• [EXERCISE INSTRUCTIONS] Exactly as written, reproduce the lines from the beginning of the data through the line containing "Shot Wrinkle-Lift Cream"; the pictures are not reproduced.
***
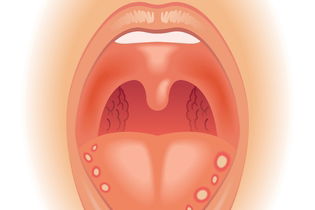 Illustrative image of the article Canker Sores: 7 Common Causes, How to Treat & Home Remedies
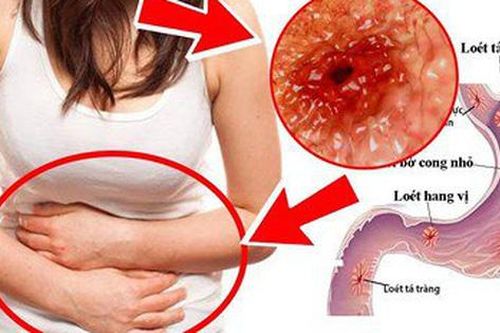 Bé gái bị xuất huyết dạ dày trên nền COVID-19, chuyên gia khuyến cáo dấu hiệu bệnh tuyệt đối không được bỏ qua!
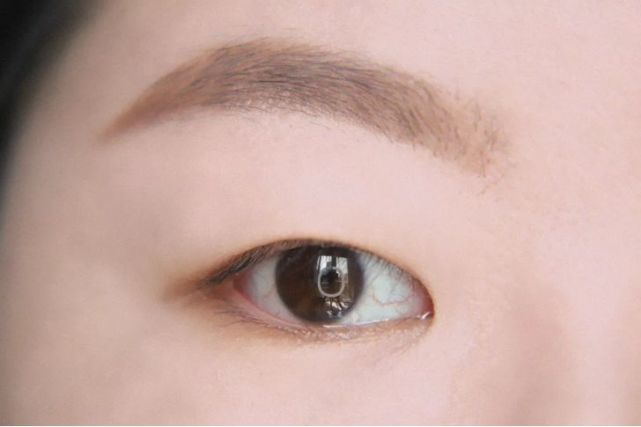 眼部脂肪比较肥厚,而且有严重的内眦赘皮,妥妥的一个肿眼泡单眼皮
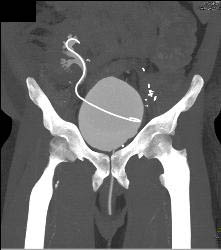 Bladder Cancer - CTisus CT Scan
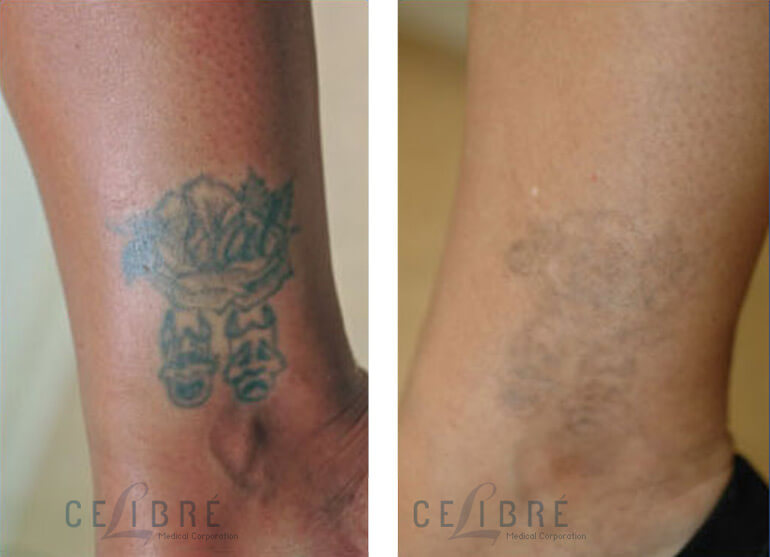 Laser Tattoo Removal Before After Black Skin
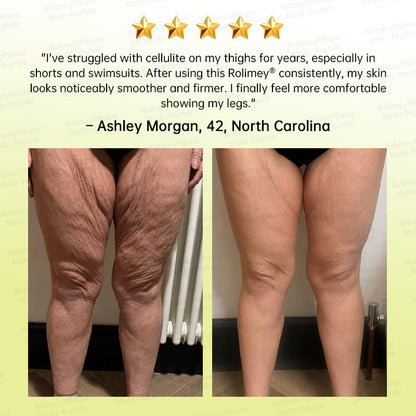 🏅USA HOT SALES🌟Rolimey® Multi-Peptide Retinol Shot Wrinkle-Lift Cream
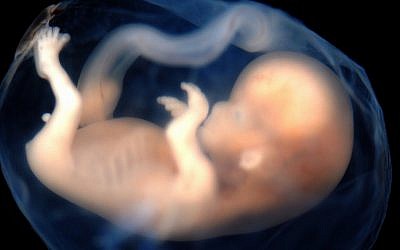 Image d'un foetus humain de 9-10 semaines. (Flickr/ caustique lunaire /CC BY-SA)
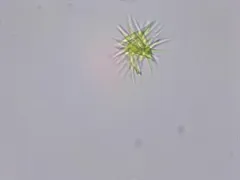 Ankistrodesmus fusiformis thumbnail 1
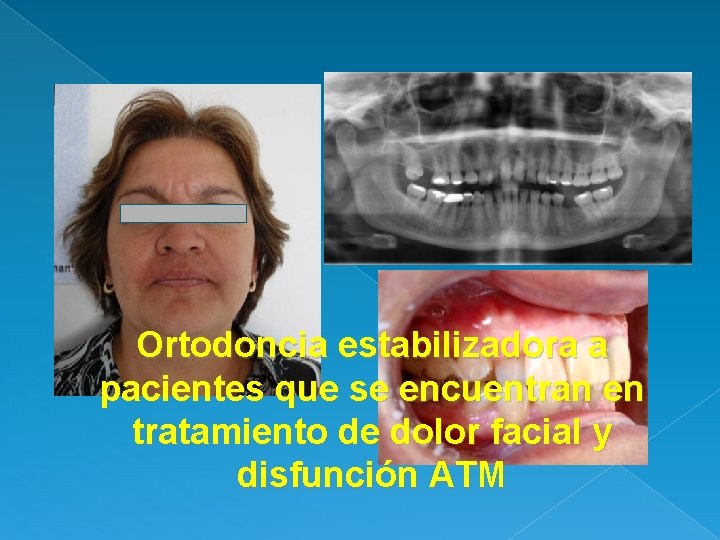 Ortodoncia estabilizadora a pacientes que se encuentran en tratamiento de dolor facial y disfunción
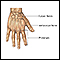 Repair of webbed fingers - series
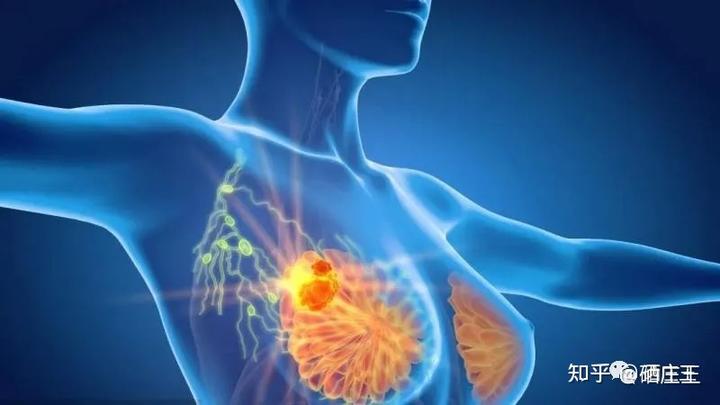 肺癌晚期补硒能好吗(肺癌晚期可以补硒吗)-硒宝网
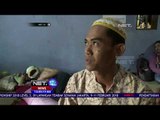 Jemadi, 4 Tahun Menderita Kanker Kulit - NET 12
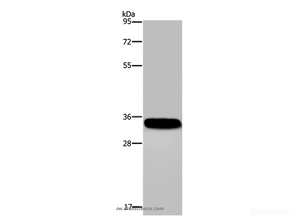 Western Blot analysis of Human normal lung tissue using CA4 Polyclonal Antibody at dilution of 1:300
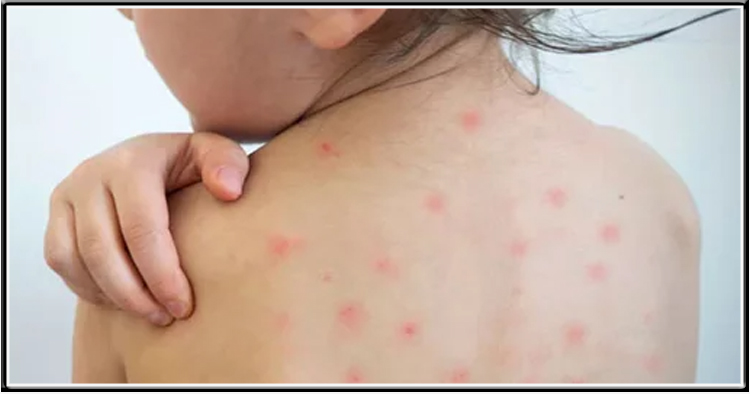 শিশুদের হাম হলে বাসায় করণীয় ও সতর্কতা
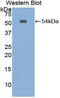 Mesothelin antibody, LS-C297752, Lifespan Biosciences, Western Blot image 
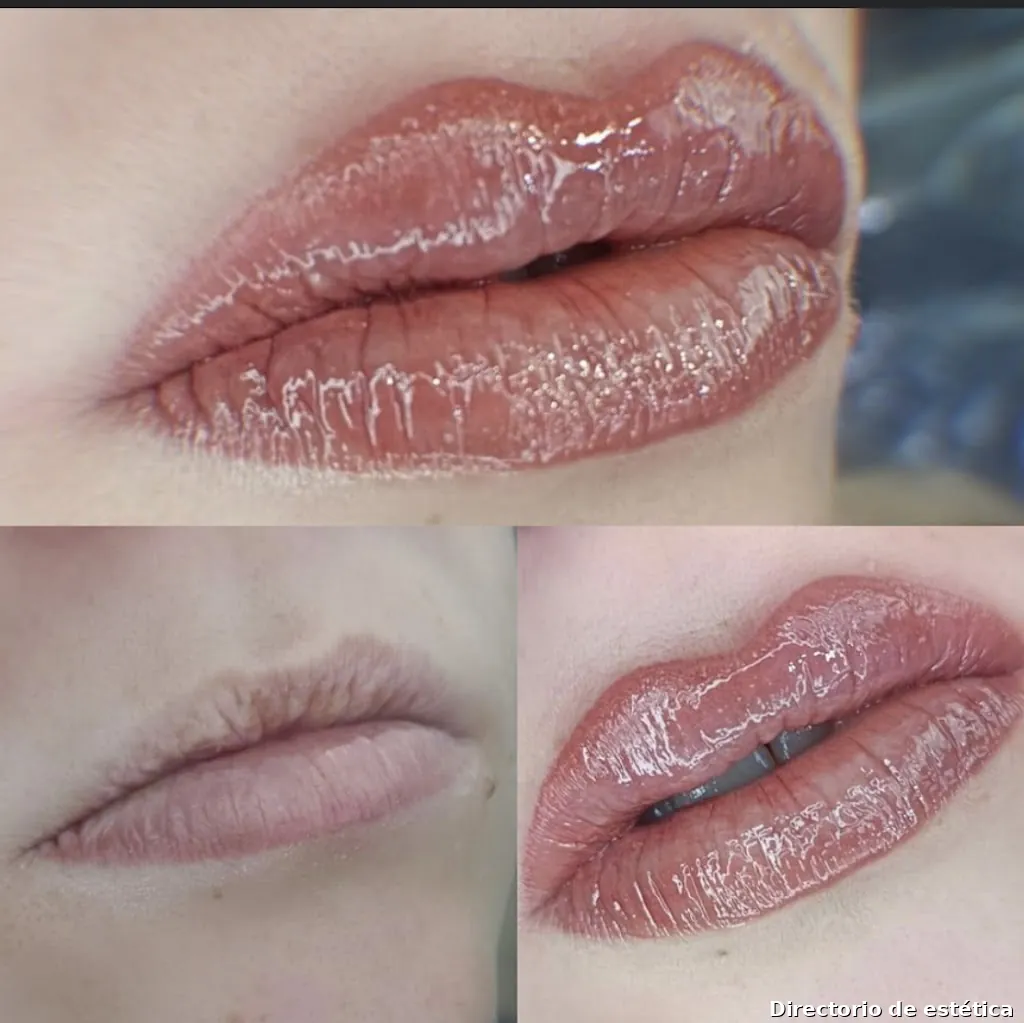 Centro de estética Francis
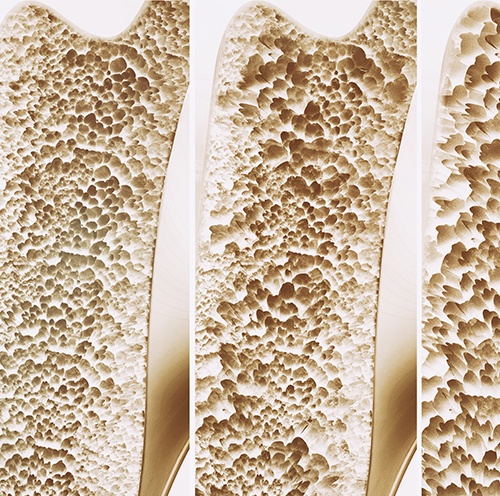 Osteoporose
***
• [SOLUTION BELOW]
 Illustrative image of the article Canker Sores: 7 Common Causes, How to Treat & Home Remedies
 Bé gái bị xuất huyết dạ dày trên nền COVID-19, chuyên gia khuyến cáo dấu hiệu bệnh tuyệt đối không được bỏ qua!
 眼部脂肪比较肥厚,而且有严重的内眦赘皮,妥妥的一个肿眼泡单眼皮
 Bladder Cancer - CTisus CT Scan
 Laser Tattoo Removal Before After Black Skin
 🏅USA HOT SALES🌟Rolimey® Multi-Peptide Retinol Shot Wrinkle-Lift Cream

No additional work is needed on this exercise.